The task - Each record needs to be transcribed word for word, though without its pictures.

[Brief descriptive captions]
········

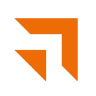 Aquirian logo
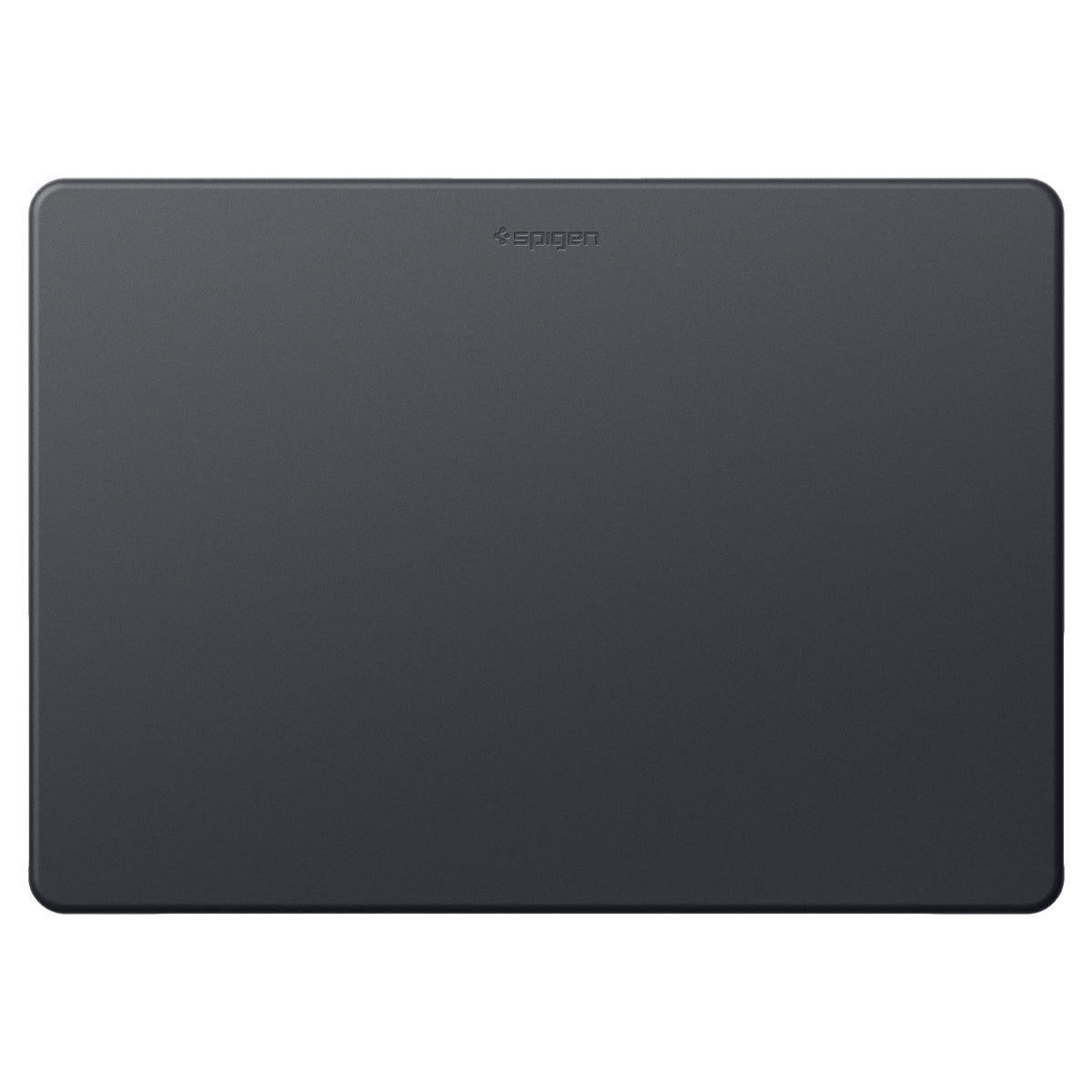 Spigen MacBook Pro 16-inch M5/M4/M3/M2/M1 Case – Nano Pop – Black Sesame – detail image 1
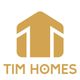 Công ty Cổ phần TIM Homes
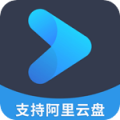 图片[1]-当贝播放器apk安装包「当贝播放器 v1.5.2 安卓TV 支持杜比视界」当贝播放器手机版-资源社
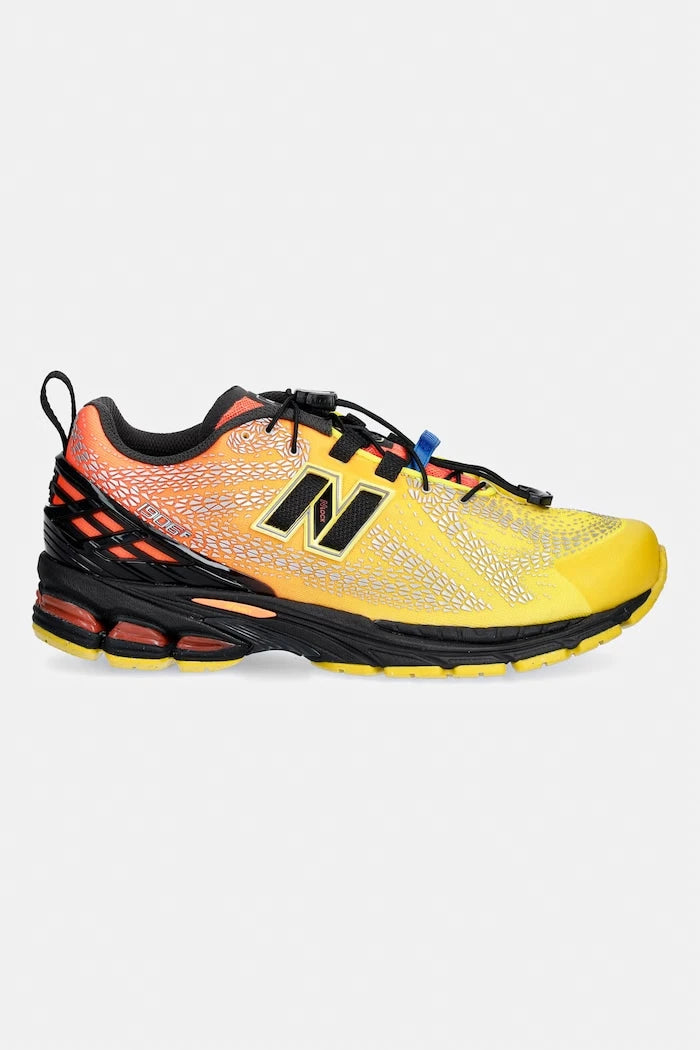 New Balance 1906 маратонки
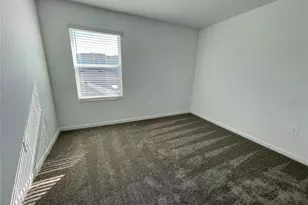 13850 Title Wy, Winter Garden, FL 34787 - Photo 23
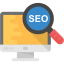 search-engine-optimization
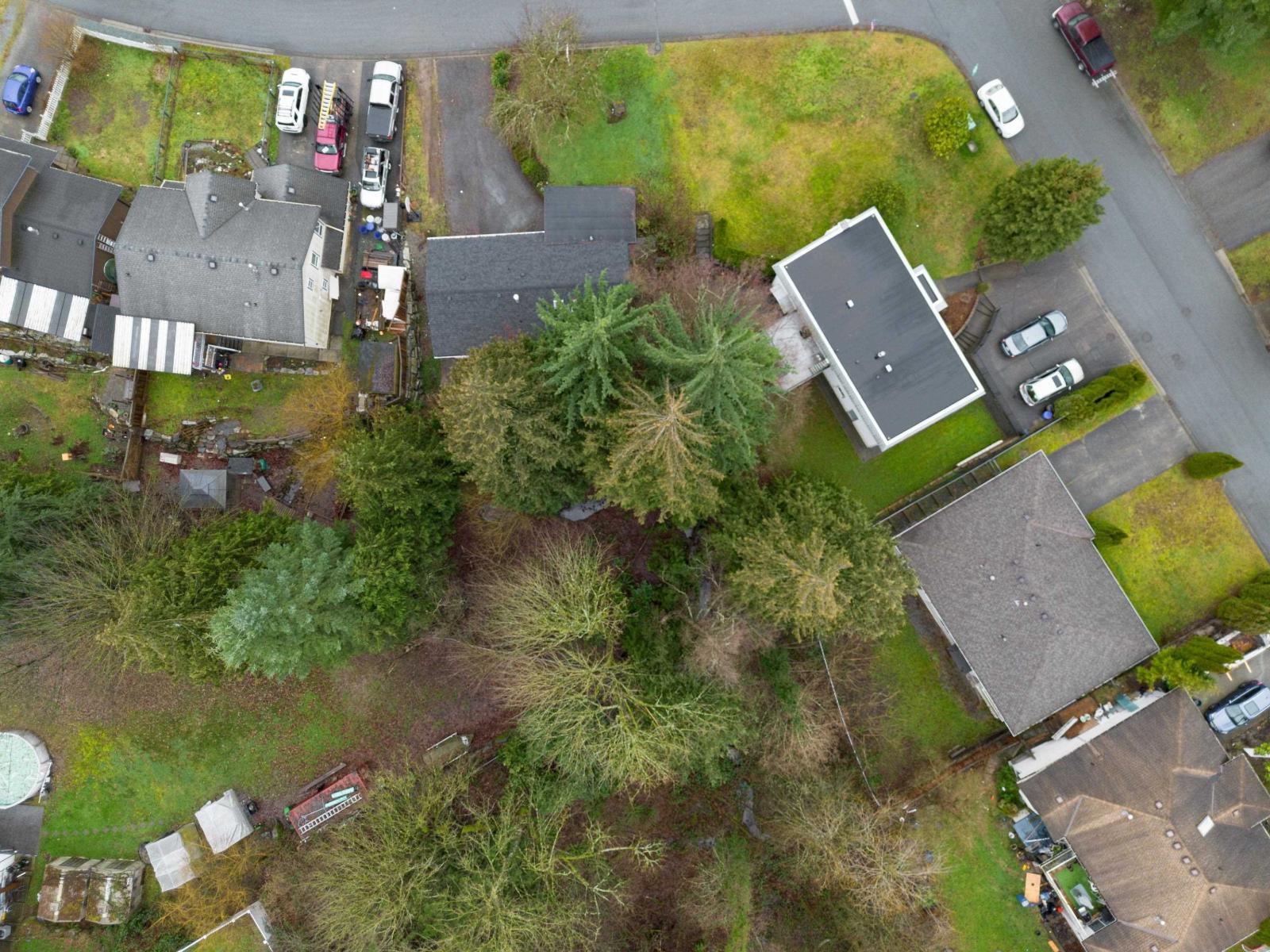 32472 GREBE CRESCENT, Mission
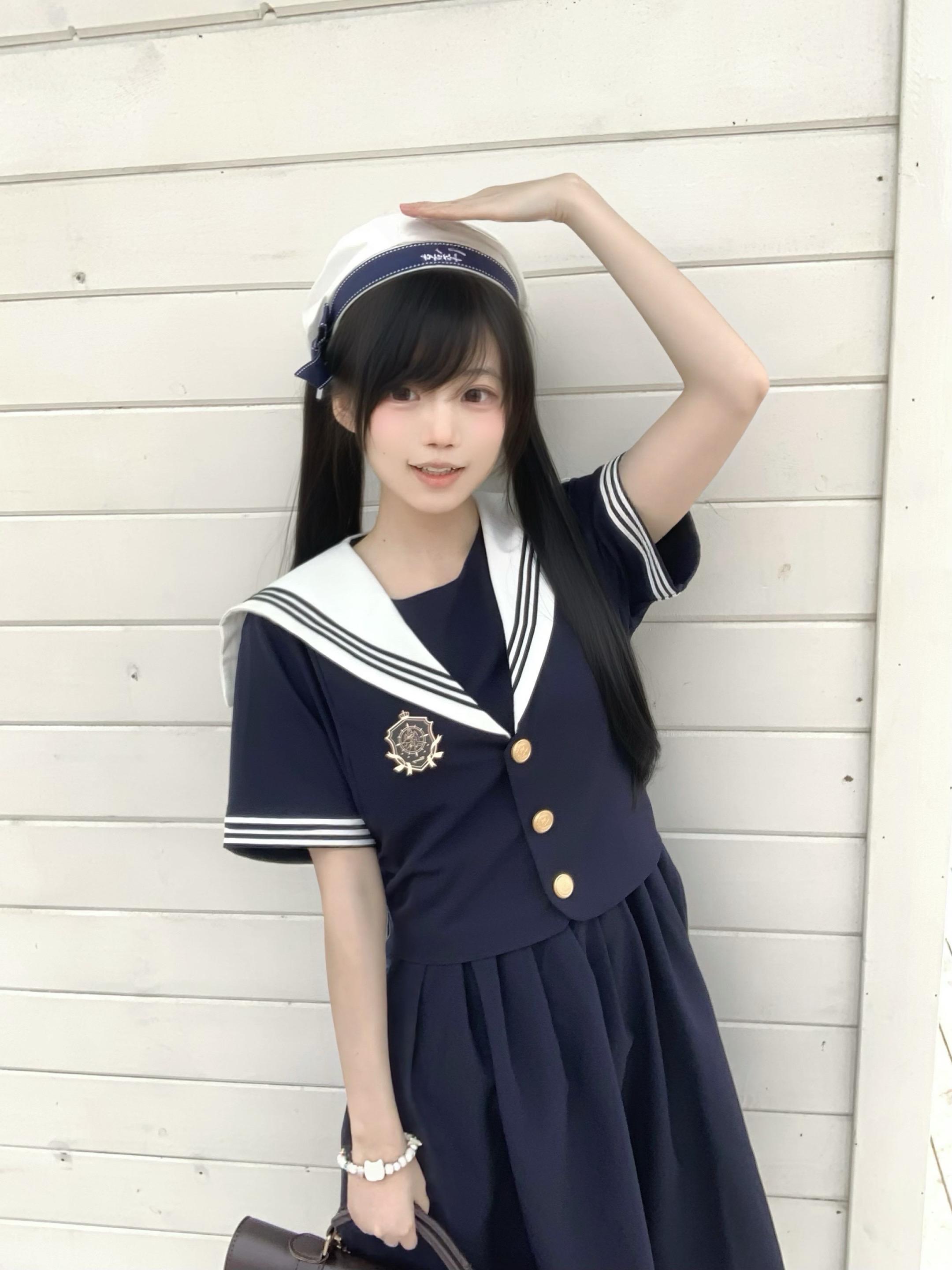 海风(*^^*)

········

Solution to this problem -
 Aquirian logo
 Spigen MacBook Pro 16-inch M5/M4/M3/M2/M1 Case – Nano Pop – Black Sesame – detail image 1
 Công ty Cổ phần TIM Homes
 图片[1]-当贝播放器apk安装包「当贝播放器 v1.5.2 安卓TV 支持杜比视界」当贝播放器手机版-资源社
 New Balance 1906 маратонки
 13850 Title Wy, Winter Garden, FL 34787 - Photo 23
 search-engine-optimization
 32472 GREBE CRESCENT, Mission
 海风(*^^*)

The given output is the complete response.